- **AIM OF THE TASK**
Beneath this instruction is a block of data; output from it exactly the lines that run from the one containing "Samsung Galaxy Watch" through the one containing "Nh Entenza 3*", inclusive.

DATA PROVIDED Block Start

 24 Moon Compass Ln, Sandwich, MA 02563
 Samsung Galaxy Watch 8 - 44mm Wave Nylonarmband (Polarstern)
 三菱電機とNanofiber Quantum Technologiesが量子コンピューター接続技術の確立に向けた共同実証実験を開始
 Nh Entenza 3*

DATA PROVIDED Block End
DATA PROVIDED Block Start

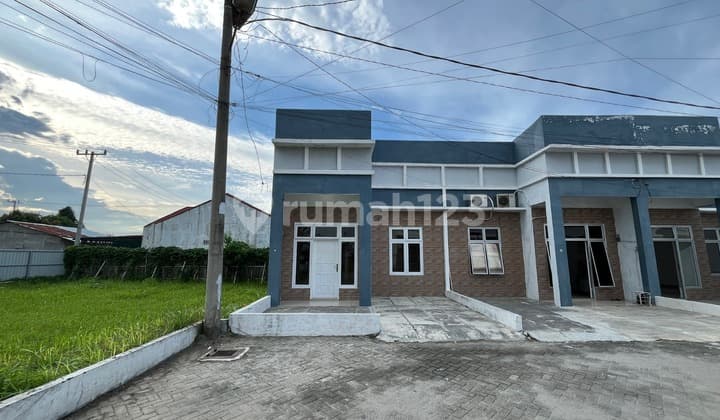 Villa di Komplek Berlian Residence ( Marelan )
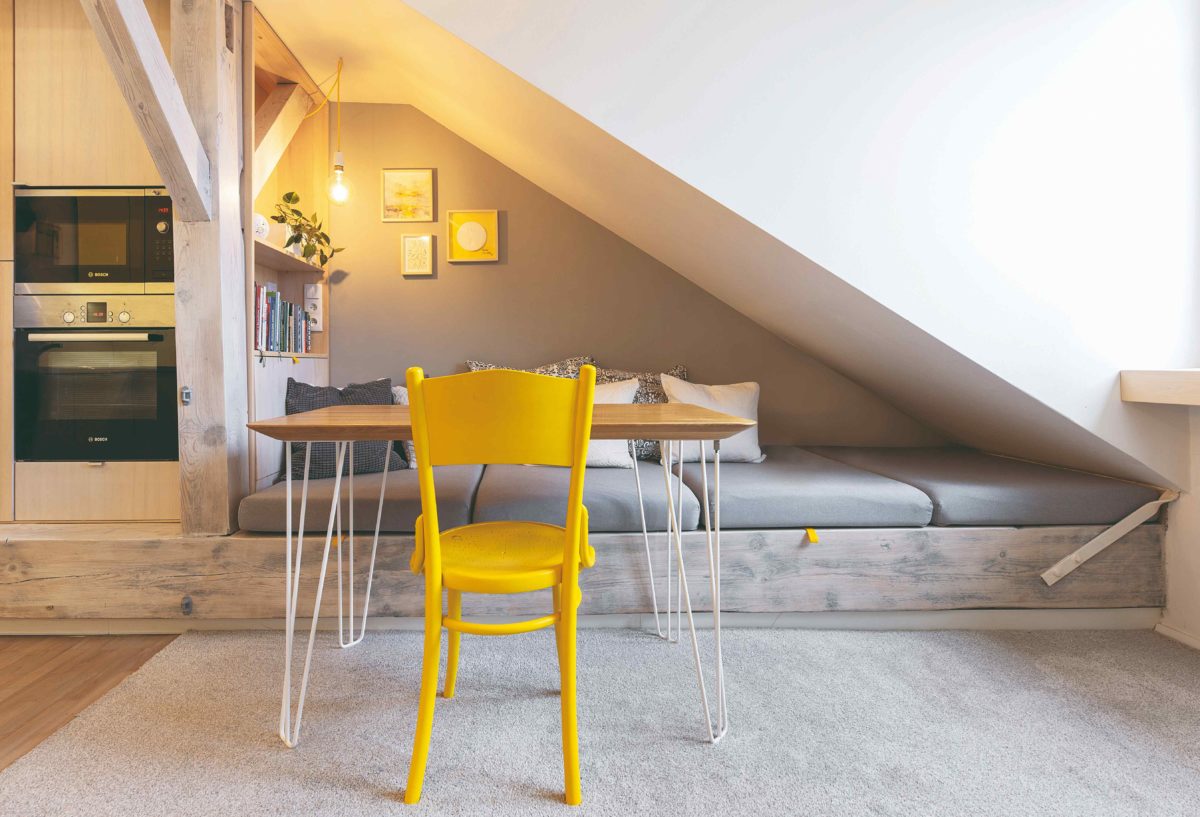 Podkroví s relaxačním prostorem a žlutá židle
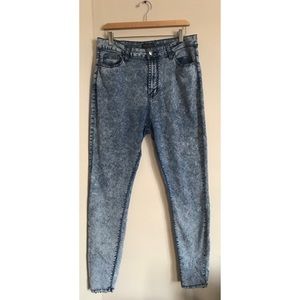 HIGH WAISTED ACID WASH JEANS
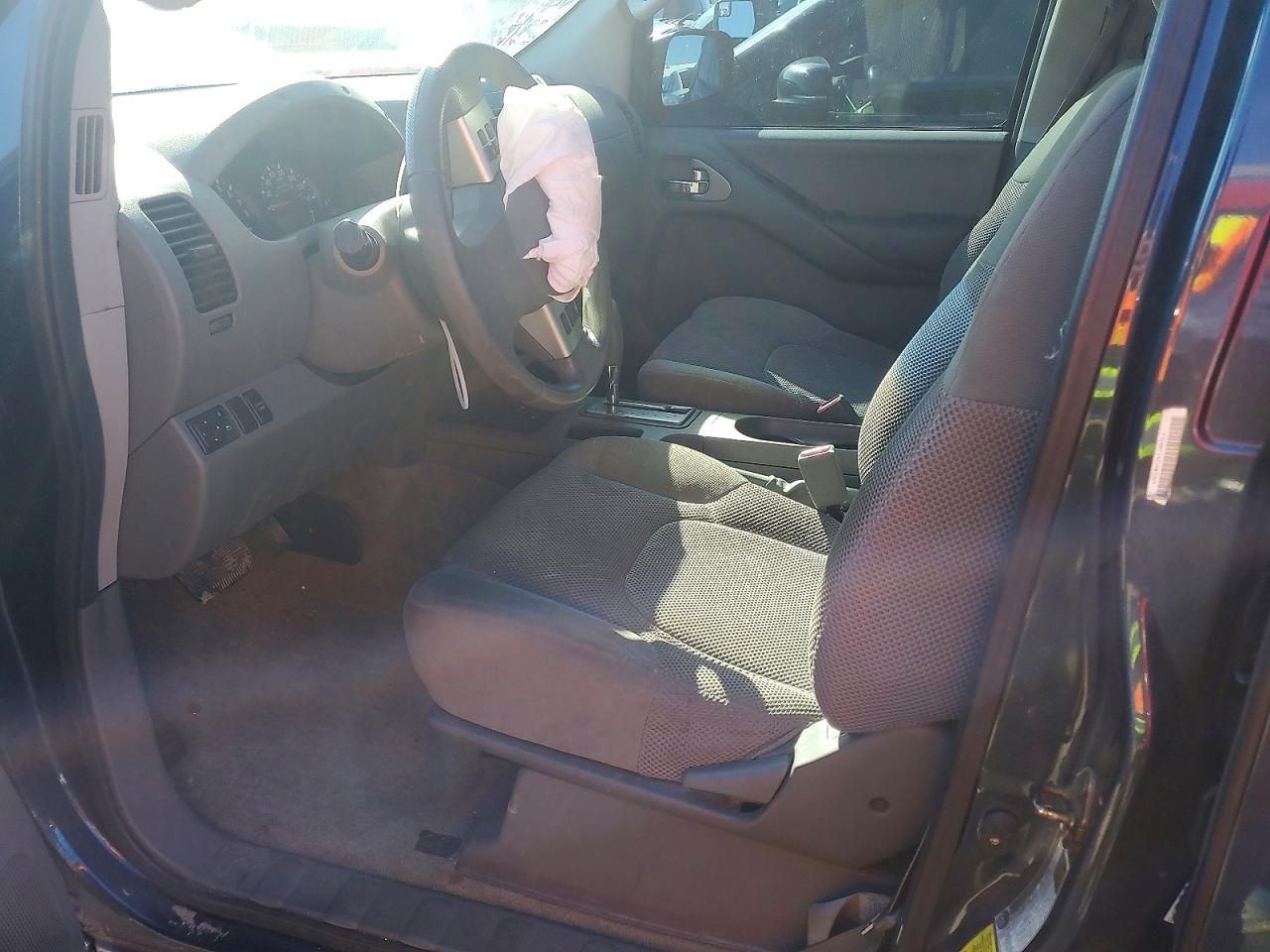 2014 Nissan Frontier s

DATA PROVIDED Block End

- **SOLUTION TO THIS EXERCISE**
 Samsung Galaxy Watch 8 - 44mm Wave Nylonarmband (Polarstern)
 三菱電機とNanofiber Quantum Technologiesが量子コンピューター接続技術の確立に向けた共同実証実験を開始
 Nh Entenza 3*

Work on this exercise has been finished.